THE PROBLEM:
Quote only the span from the first line of the entries to the line containing "Next, place the", both ends kept. Leave every picture out.

DATA FOR THIS TASK:

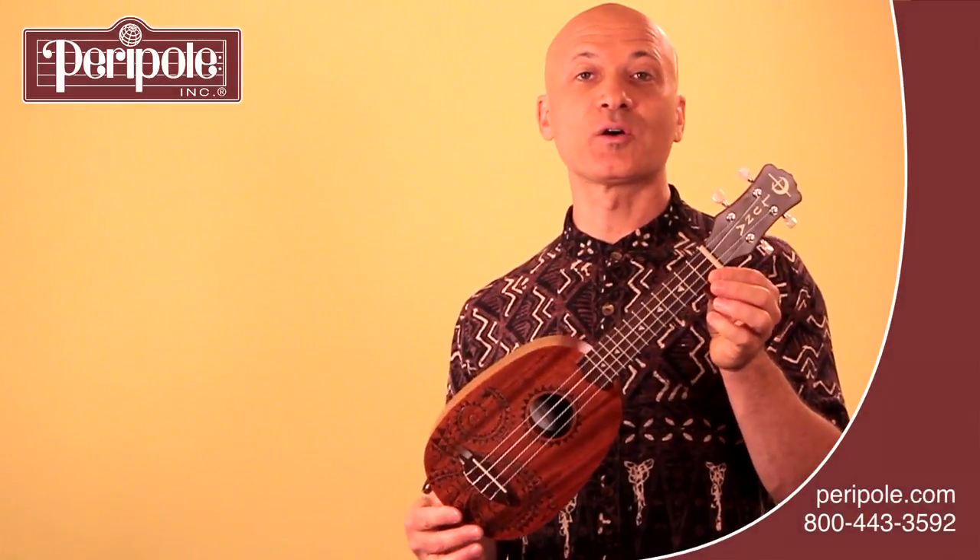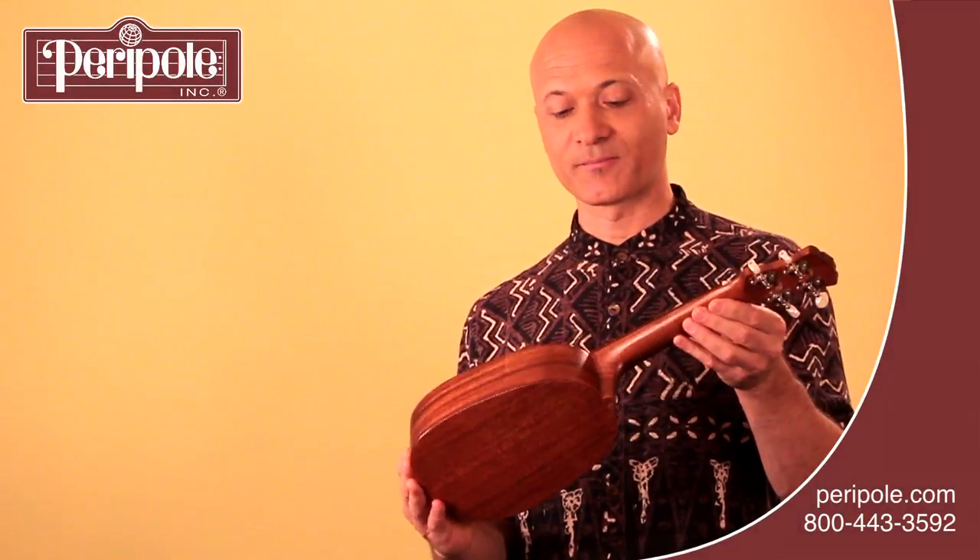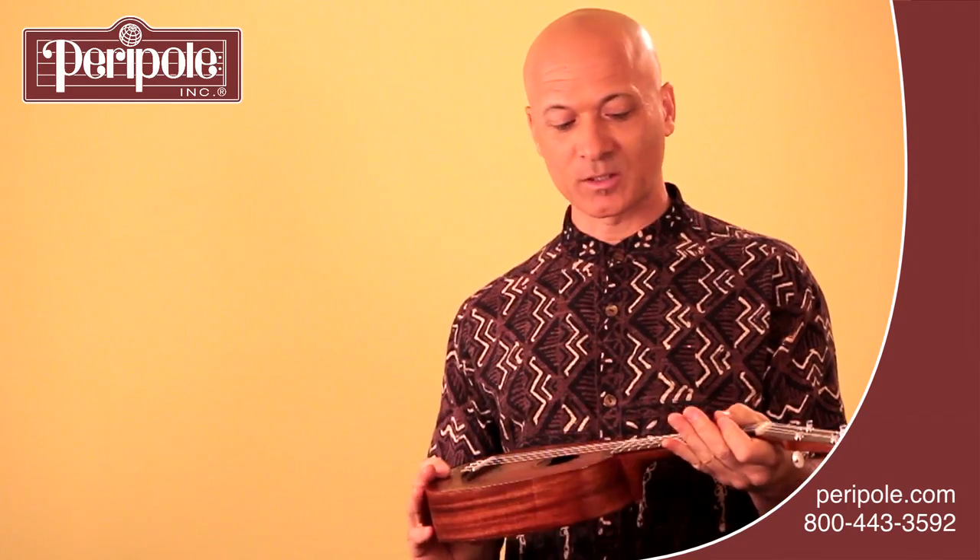This is the Soprano Pineapple Ukulele and it's in the pineapple shape, as you can see — it's where it gets its name. This one has a beautiful tattoo design, and it sounds like this.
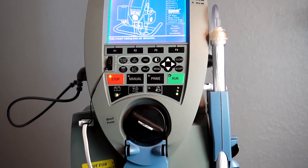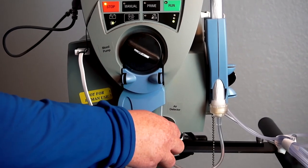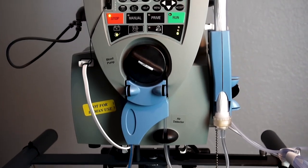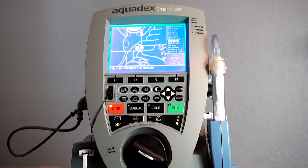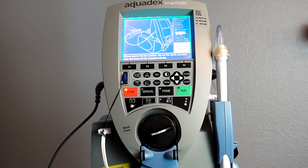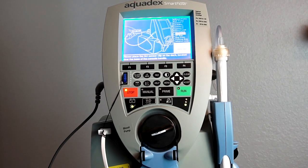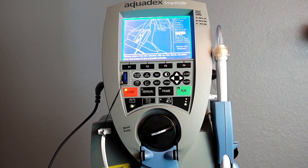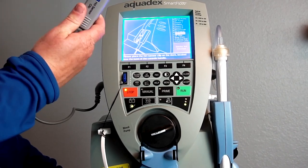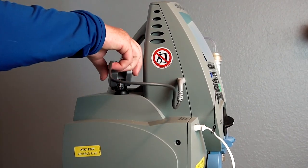Next, place the tubing in the air detector, which is located below the blood pump. Press accept when complete. Place the hematocrit sensor on the hematocrit sensing dock on the back of the console, and make sure it clicks into place.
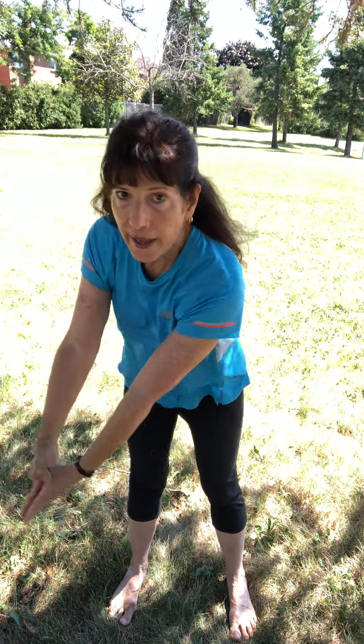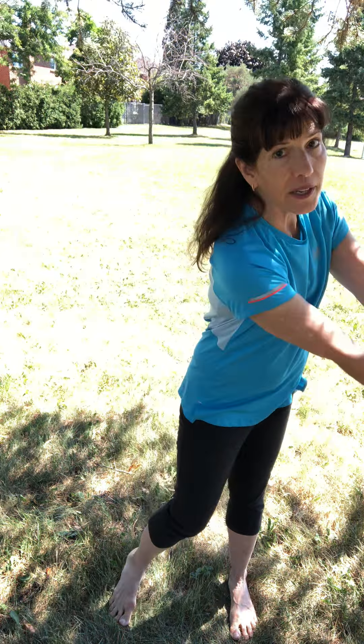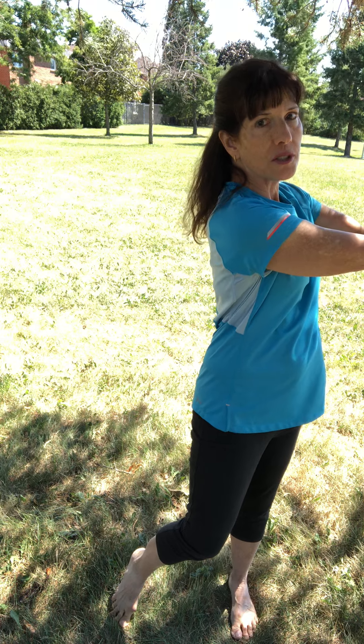So my tip: go barefoot. You've probably been seeing me talk about barefoot in the park every week. It's a really great way to send a lot of information up to your brain about what's going on in your body. If you're embarrassed to do this on the golf course, go into your backyard, go to a park like I do. Take off your shoes. Do some practice swings. You want to make sure that your feet are firmly grounded as you go through that swing until the very end, after you have hit that ball and you continue your rotation.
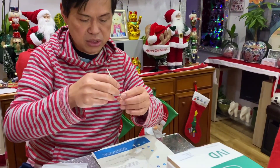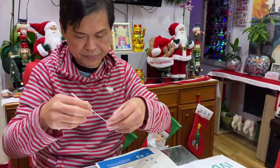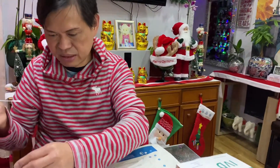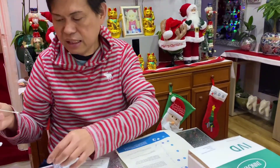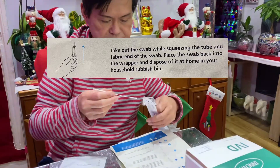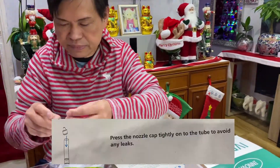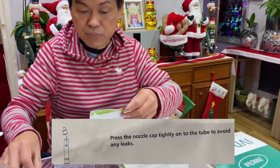Take out the swab by squeezing the tube against the fabric of the swab. Then put the nozzle on tightly and close it. Place it back and open up your test cartridge.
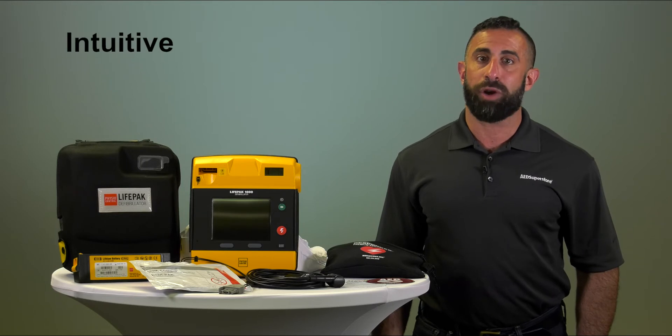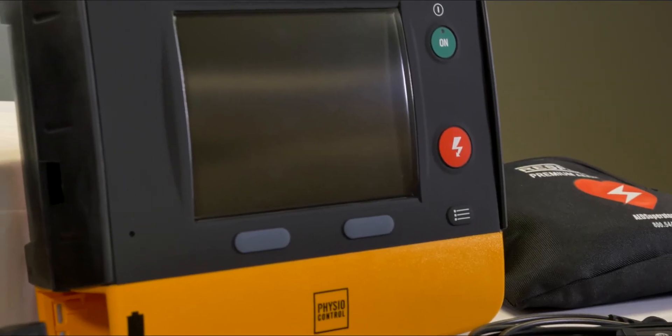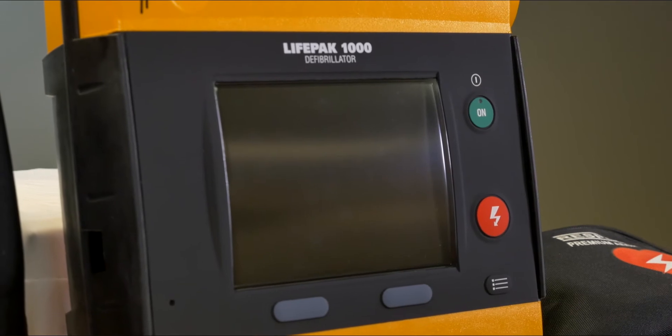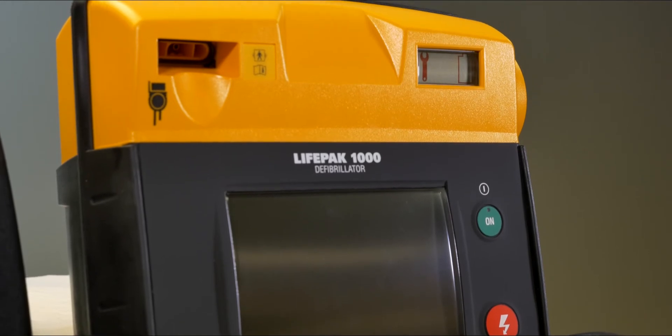The LifePak 1000 is incredibly intuitive. The battery gauge is easily visible and accessible, and a large screen displays graphics and ECG readings. Emergency settings can be chaotic and noisy, so the LifePak 1000 has loud voice prompts for rescue guidance so you never miss a step.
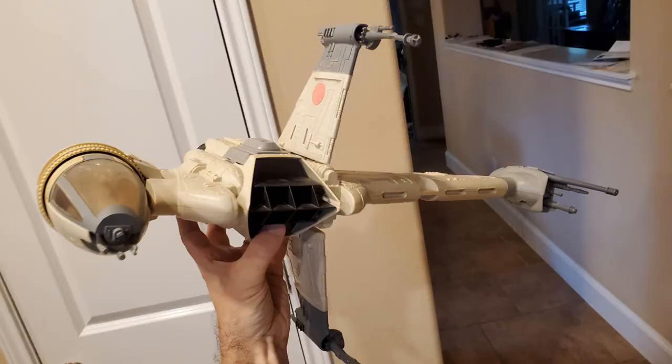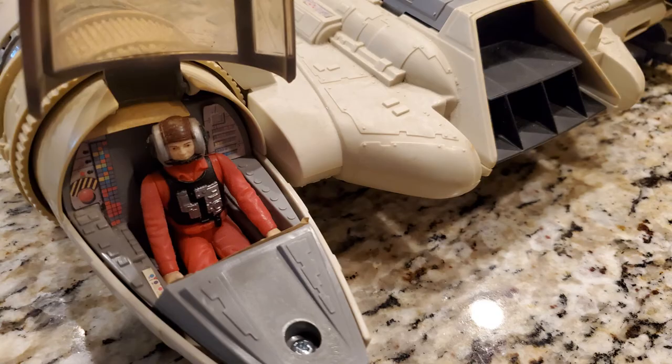I'm also doing a vintage B-wing restoration right now. I got a B-wing the other day — never owned one before, never even seen one. Was happy to get it in the mail. It didn't have all of its decals, so I've ordered some reproduction stickers to complete it and flesh it out. I'll be walking you through some of those pictures as well. Excited about that.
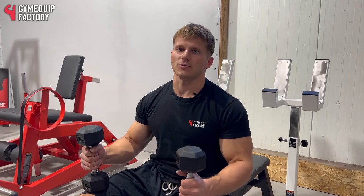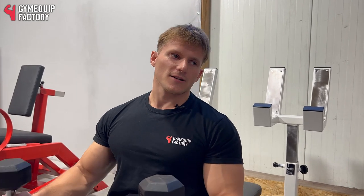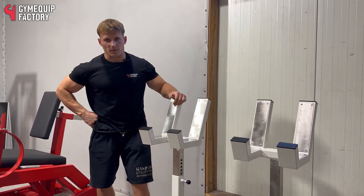Everyone knows how hard it could be sometimes to get into a starting position of dumbbell exercises, especially for heavy lifters. So we have a solution for you: dumbbell stands, safety racks, spotters — you can name it how you want.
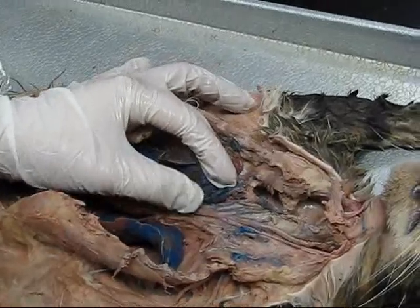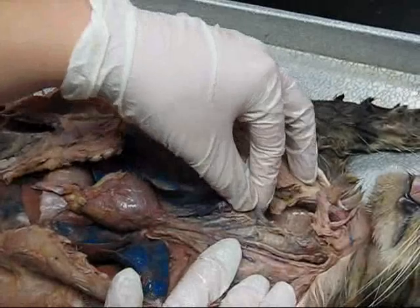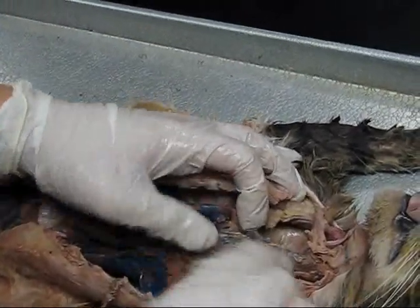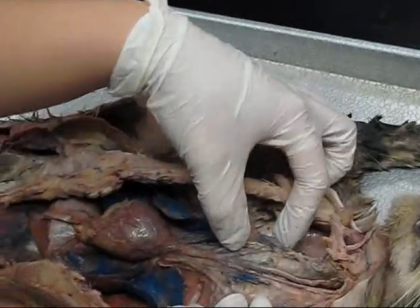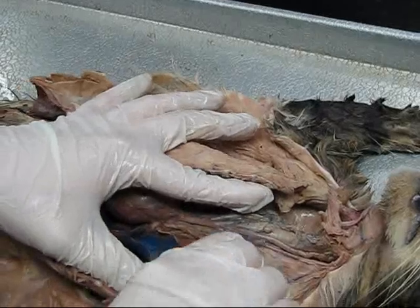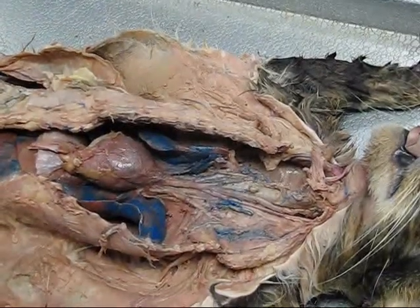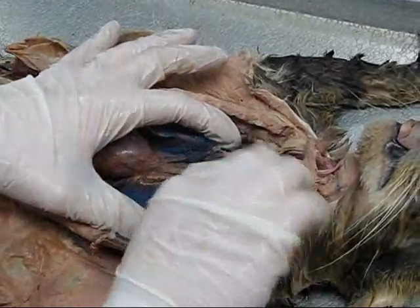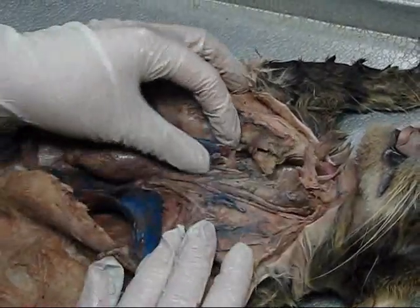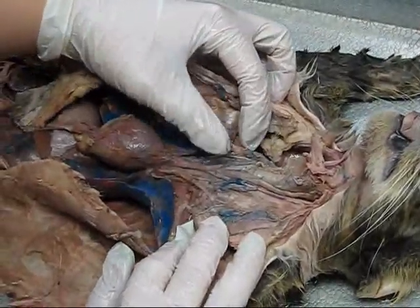Coming off the brachiocephalic, you have the common carotids, which come on either side of the trachea. You can see the one here coming up. Have you ever heard anybody talk about the carotid artery being in your neck? They come on either side of the trachea — here's one here, the other one comes through here. His left side is kind of cut up.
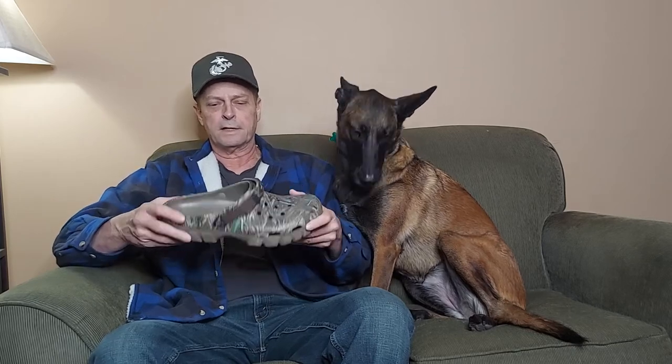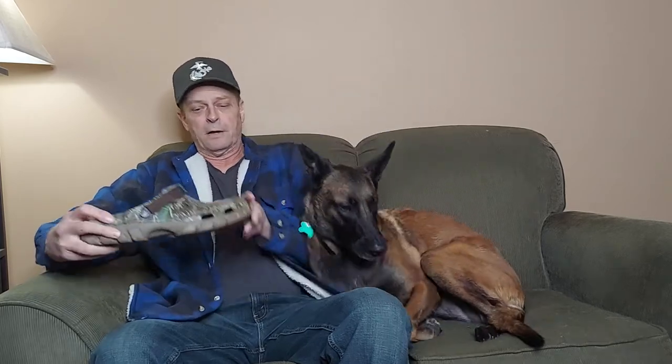Hey guys, it's Matt here with Stella from Rocket 50, and today I'm doing a product review on the Crocs shoes. It's mainly for older guys — you know, we get a little older, we want our comfort. Let me show you the shoe I got. This is the Croc, it's the Turbo Off-Road model.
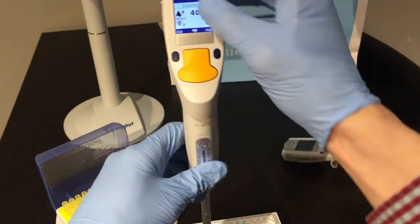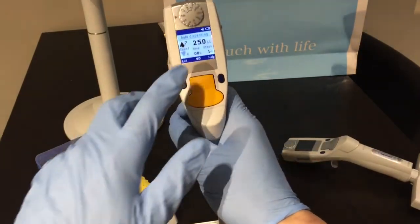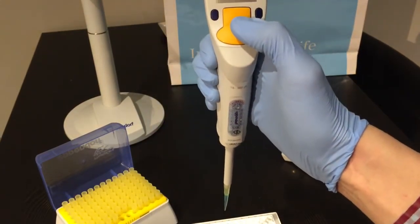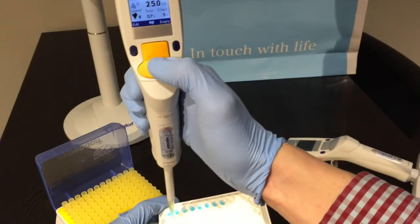Next is auto dispense mode, which is basically the same as dispense mode except it adds a time interval. After dispensing the first volume, as long as I hold the down button it dispenses at 0.7-second intervals automatically, which makes life just a little bit faster.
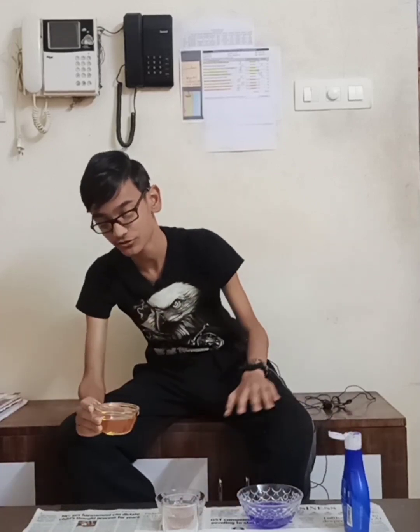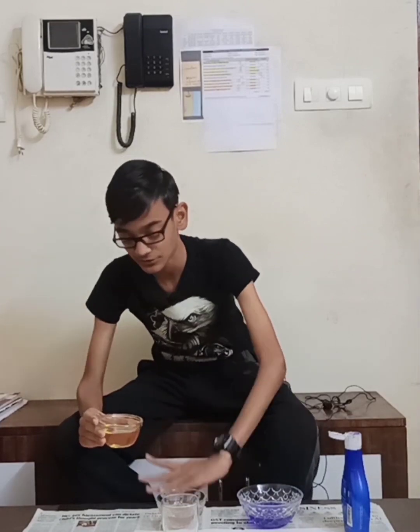First I'm going to put in the vegetable oil, which has the lowest density of all of them, so it is supposed to end up at the top. I'm using the same amount of each liquid by the way, so that the weight does not affect the comparison.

COMPLETED EXERCISE:
This is the Soprano Pineapple Ukulele and it's in the pineapple shape, as you can see — it's where it gets its name. This one has a beautiful tattoo design, and it sounds like this.
Next, place the tubing in the air detector, which is located below the blood pump. Press accept when complete. Place the hematocrit sensor on the hematocrit sensing dock on the back of the console, and make sure it clicks into place.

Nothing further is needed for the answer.